Work task: From the records below, print only the part that opens with the line containing "Harmonica Playing For" and closes with the line containing "T-shirt met lange"; omit the pictures.

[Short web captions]
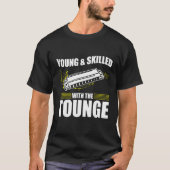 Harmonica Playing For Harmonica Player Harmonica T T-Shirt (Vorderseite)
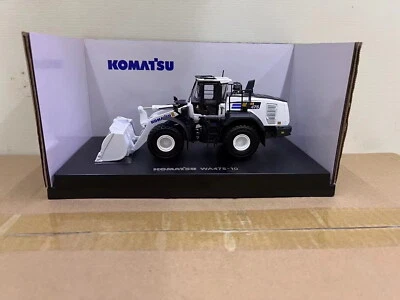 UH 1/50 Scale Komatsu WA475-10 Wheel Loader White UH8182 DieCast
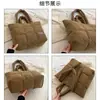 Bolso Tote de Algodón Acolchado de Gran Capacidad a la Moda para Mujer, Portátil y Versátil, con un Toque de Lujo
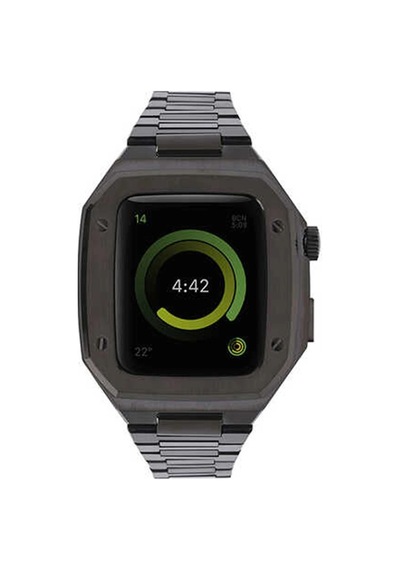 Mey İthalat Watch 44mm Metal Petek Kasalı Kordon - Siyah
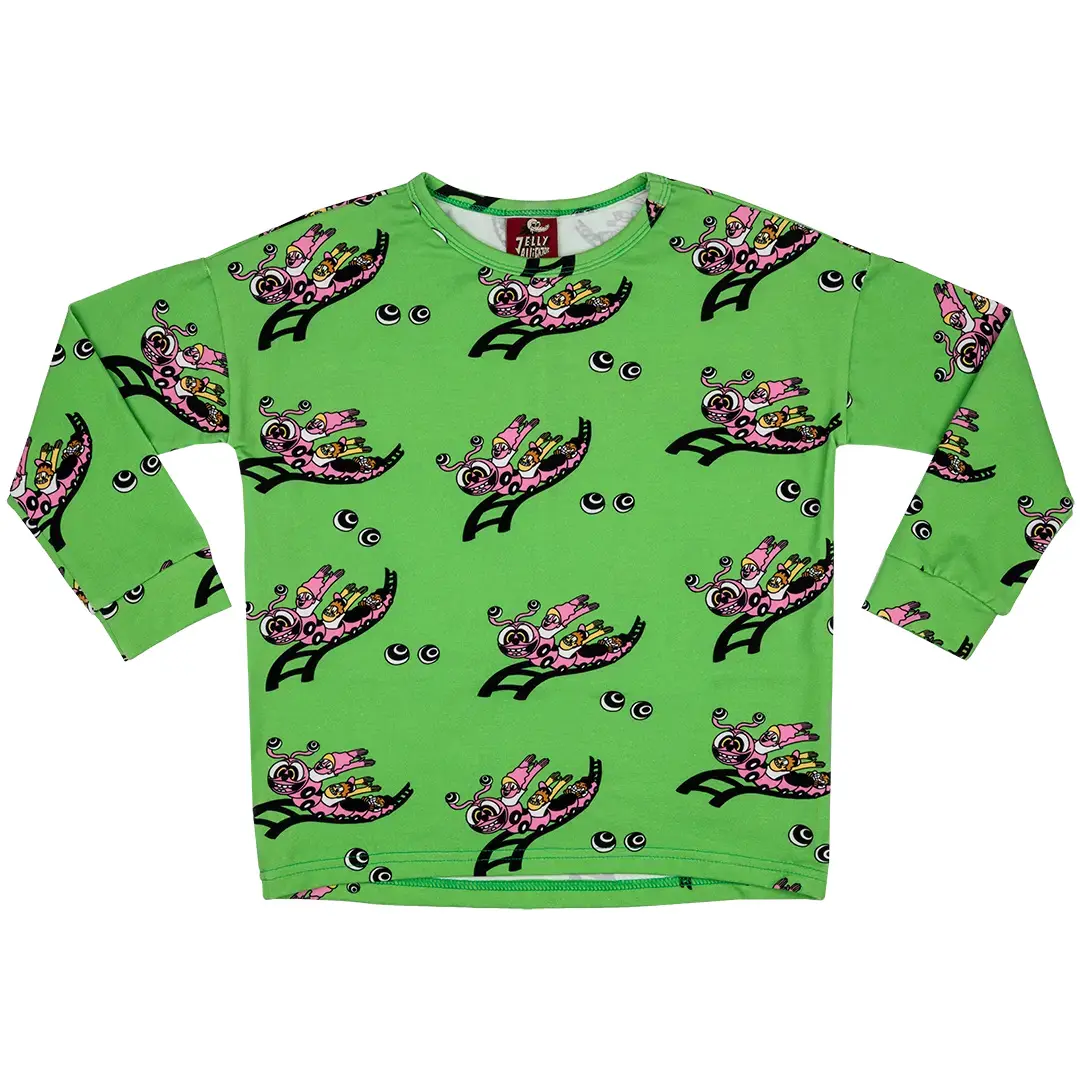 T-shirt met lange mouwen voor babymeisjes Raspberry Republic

...

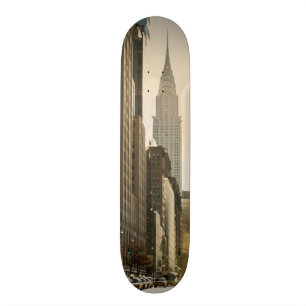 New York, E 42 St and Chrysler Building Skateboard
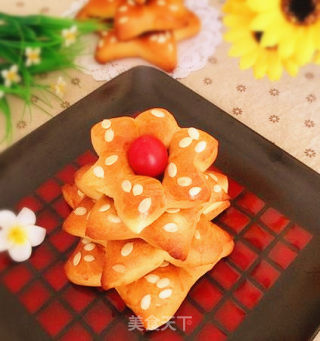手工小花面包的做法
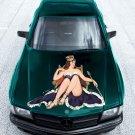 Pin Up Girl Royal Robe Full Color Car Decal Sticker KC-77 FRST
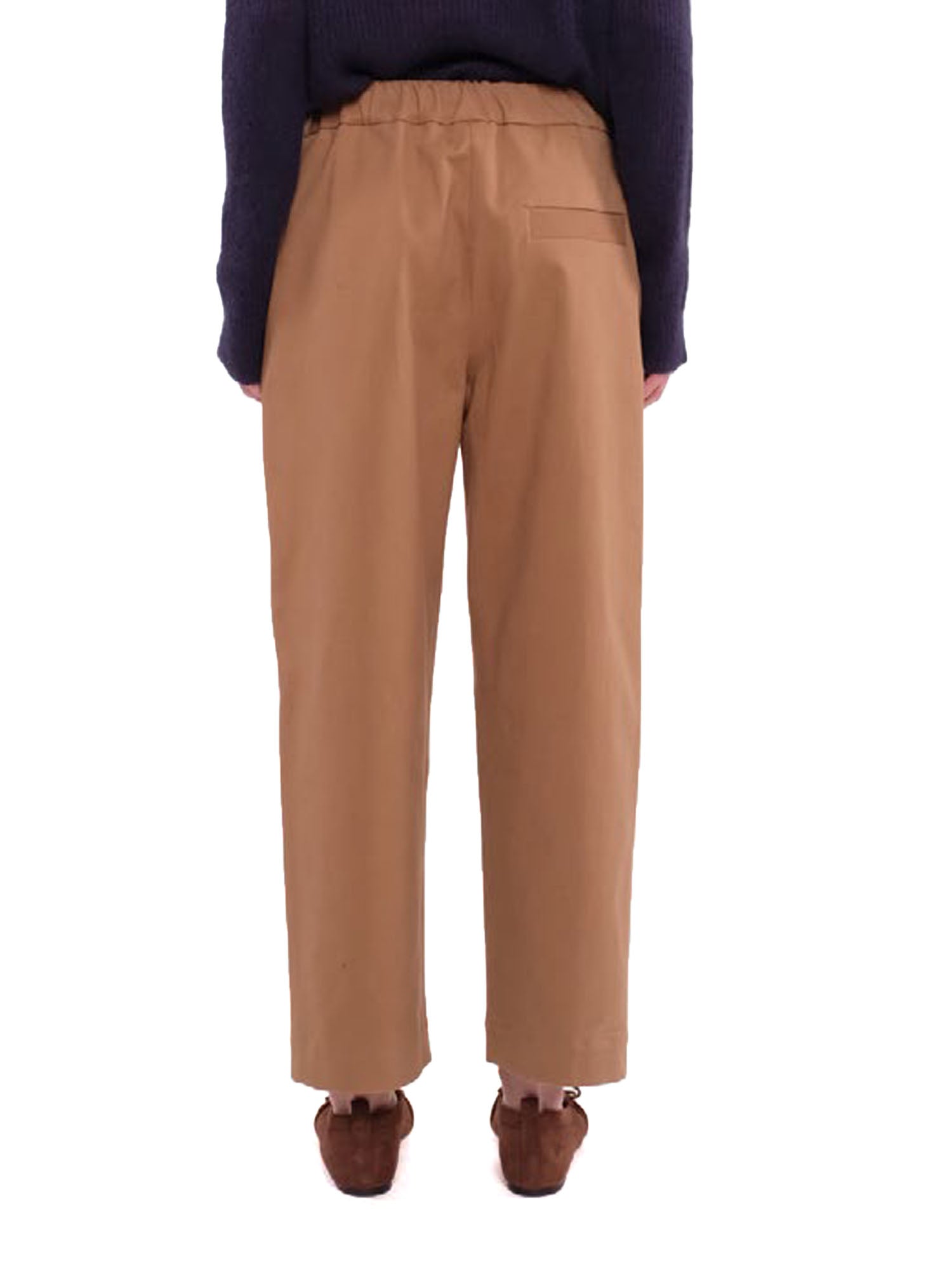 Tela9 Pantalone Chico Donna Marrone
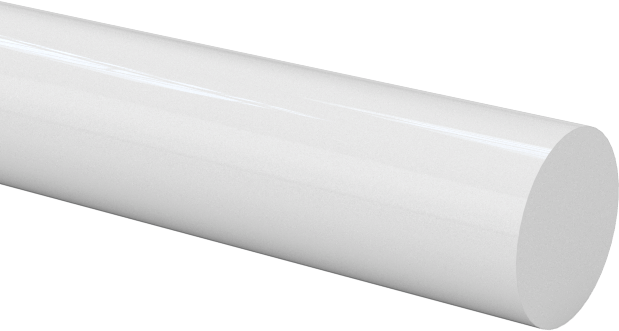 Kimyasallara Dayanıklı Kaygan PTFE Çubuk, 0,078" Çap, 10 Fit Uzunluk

The answer:
 Harmonica Playing For Harmonica Player Harmonica T T-Shirt (Vorderseite)
 UH 1/50 Scale Komatsu WA475-10 Wheel Loader White UH8182 DieCast
 Bolso Tote de Algodón Acolchado de Gran Capacidad a la Moda para Mujer, Portátil y Versátil, con un Toque de Lujo
 Mey İthalat Watch 44mm Metal Petek Kasalı Kordon - Siyah
 T-shirt met lange mouwen voor babymeisjes Raspberry Republic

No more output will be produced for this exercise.